* _Information shown_:
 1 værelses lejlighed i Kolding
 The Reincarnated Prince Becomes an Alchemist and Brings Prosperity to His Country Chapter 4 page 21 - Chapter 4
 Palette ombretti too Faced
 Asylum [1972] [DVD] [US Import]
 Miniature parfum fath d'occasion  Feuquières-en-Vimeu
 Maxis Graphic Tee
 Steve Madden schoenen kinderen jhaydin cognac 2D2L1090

--

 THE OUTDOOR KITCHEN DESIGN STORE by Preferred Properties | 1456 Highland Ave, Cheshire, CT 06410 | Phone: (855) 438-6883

* _Exercise prompt_: Look above for the line containing "Maxis Graphic Tee" and the line containing "Steve Madden schoenen". Transcribe both, with the lines between them, exactly.

* _Task output_:
 Maxis Graphic Tee
 Steve Madden schoenen kinderen jhaydin cognac 2D2L1090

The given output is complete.